Pour le chamane, toutefois, il est inconcevable que son disciple, qu'il connaît depuis toujours, ait commis ces assassinats d'hommes vigoureux, et qu'il connaissait trop peu pour avoir une raison valable de les tuer. Il trouve également suspect le comportement passif de Farouch, habituellement plus insolent que cela, et la façon même dont tout semble l'accuser, jusqu'à une touffe de poils de sa tunique retrouvée dans la main de l'un des cadavres. Trop, c'est trop !
Cette seconde aventure du chamane-détective de l'Aurignacien et de son apprenti se déroule immédiatement après la précédente, narrée dans Les Souffles ne laissent pas de traces, très peu de temps après leur départ du Jamboree, donc. Toutefois, les deux enquêtes sont totalement indépendantes et il n'est pas nécessaire d'avoir lu la précédente pour apprécier celle-ci. Comme dans le premier opus, le récit de l'enquête est entrecoupé d'épisodes a priori sans rapport, sinon qu'ils sont cette fois clairement situés dans le passé, et ont pour personnage principal le jeune Farouch pas encore Queue-d'Aurochs. Leur lien avec l'intrigue en cours sera révélé au fil du récit.

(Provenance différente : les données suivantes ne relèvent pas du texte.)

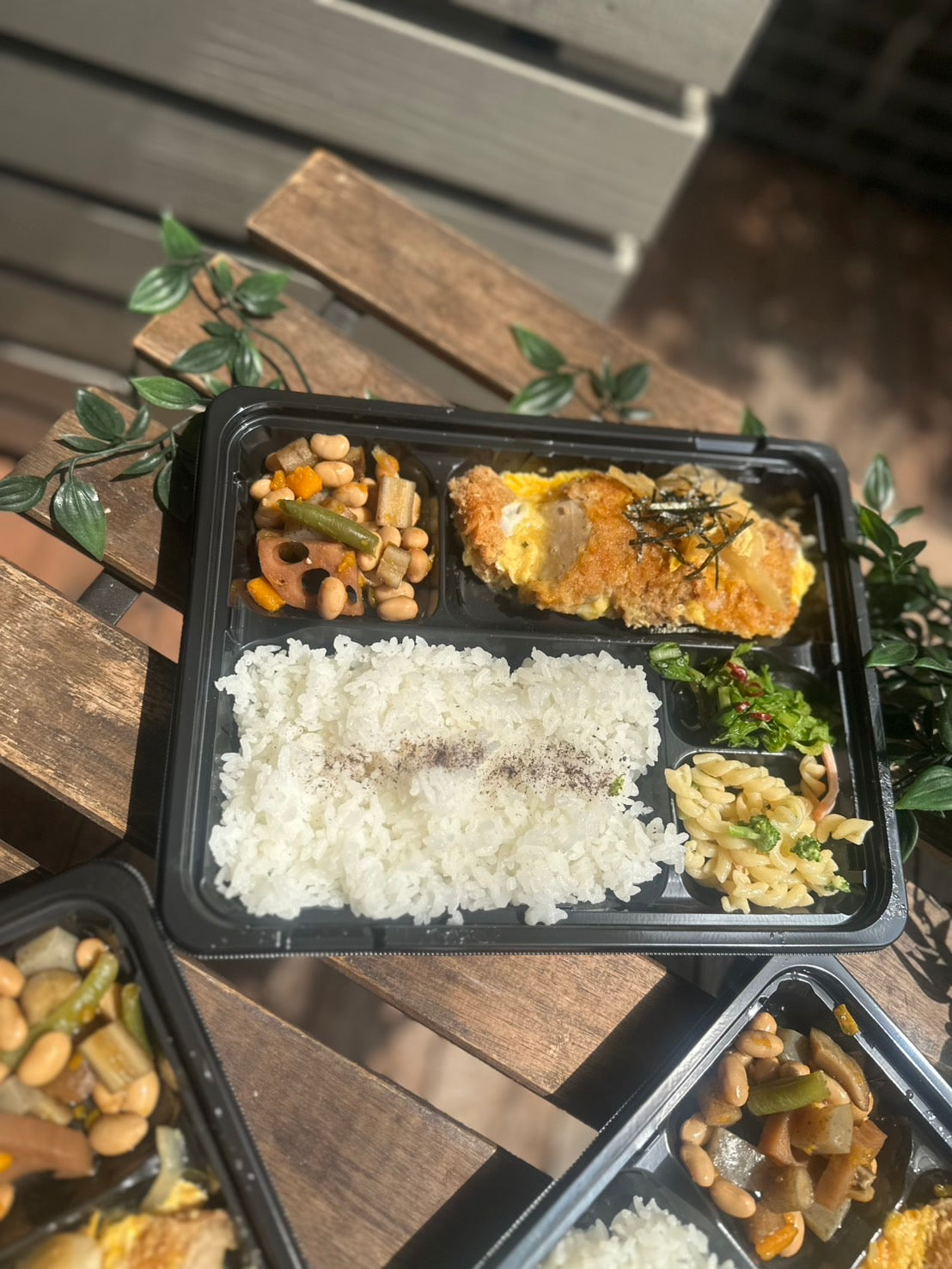日替わり幕内弁当 ヒレカツ煮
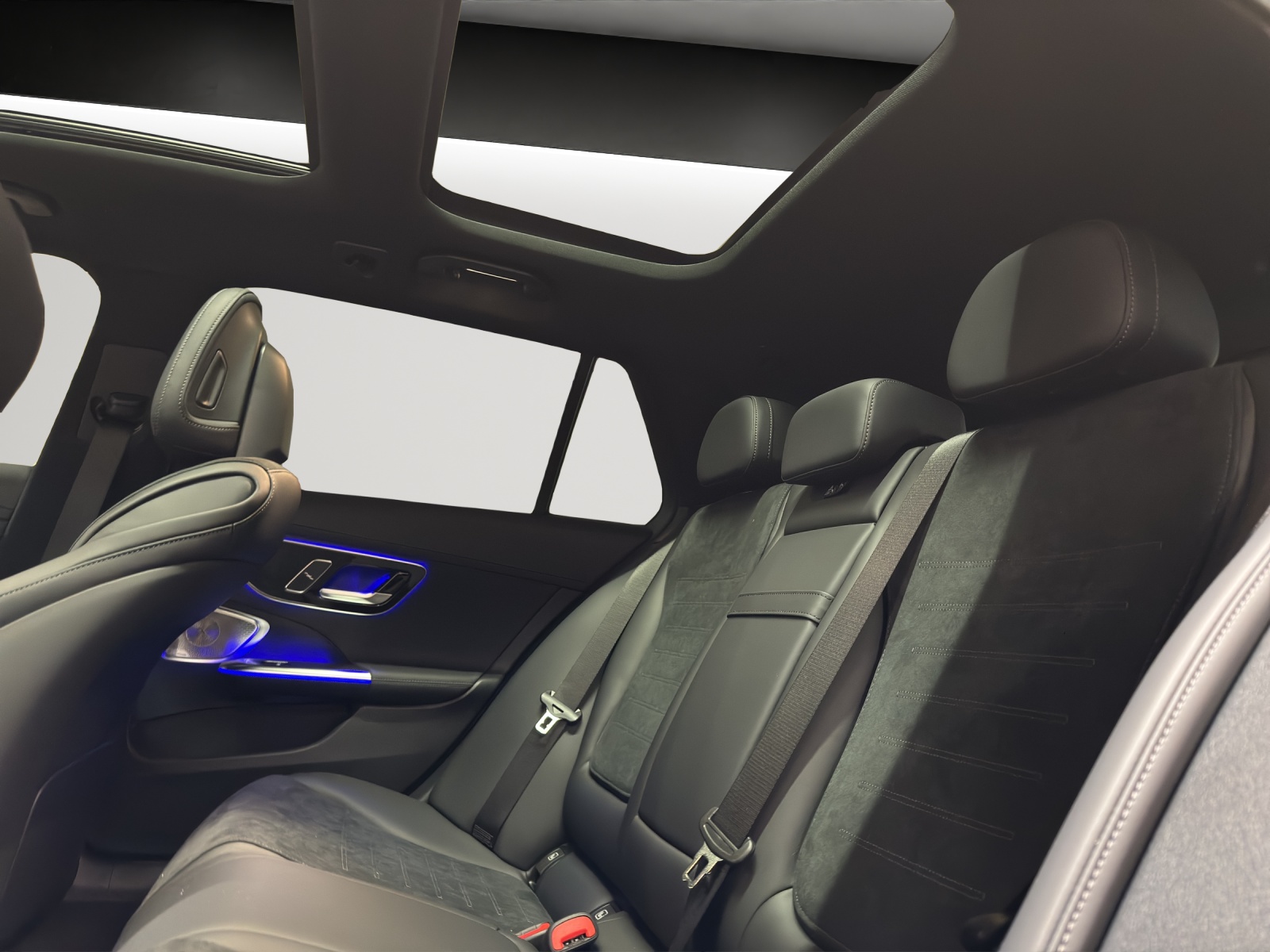 MERCEDES-BENZ C 220 d T 4 Matic Swiss Star-image-7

On retrouve ici le talent de l'auteur pour créer une atmosphère et des personnages. La première évoque souvent, complètement anachroniquement, bien sûr, la peinture de Rembrandt, avec ces contrastes violents entre la lumière et l'obscurité, celle-ci étant liée autant à l'intérieur des grottes qu'aux nombreux épisodes nocturnes. Quant aux personnages, ceux de la massive Libellule et de sa mère, la vénérable Frelon, si bien nommée, sont aussi inoubliables que celui, que l'on retrouve avec plaisir, de la jeune Sphaigne. L'écriture est toujours un plaisir à lire, par sa richesse et sa précision, ainsi que par les différentes "voix" dont Timothée Rey réussit semble-t-il sans effort à doter ses différents personnages. Il y a quelque chose de très oral dans son écriture, et cela convient particulièrement à la culture qu'il décrit, bien sûr.
J'ai trouvé longuette la longue séance d'explications de ce qui s'était passé véritablement, mais c'est la seule chose qui m'ait véritablement gênée dans ce roman plein d'inventions et de rebondissements, où l'on retrouve également les clins d'oeil qui émaillaient le précédent, et qui sont la signature de cet auteur qui ne se prend pas au sérieux. Si vous pouvez mettre la main sur cette seconde aventure du chamane, n'hésitez pas, elle vous offrira un dépaysement bienvenu.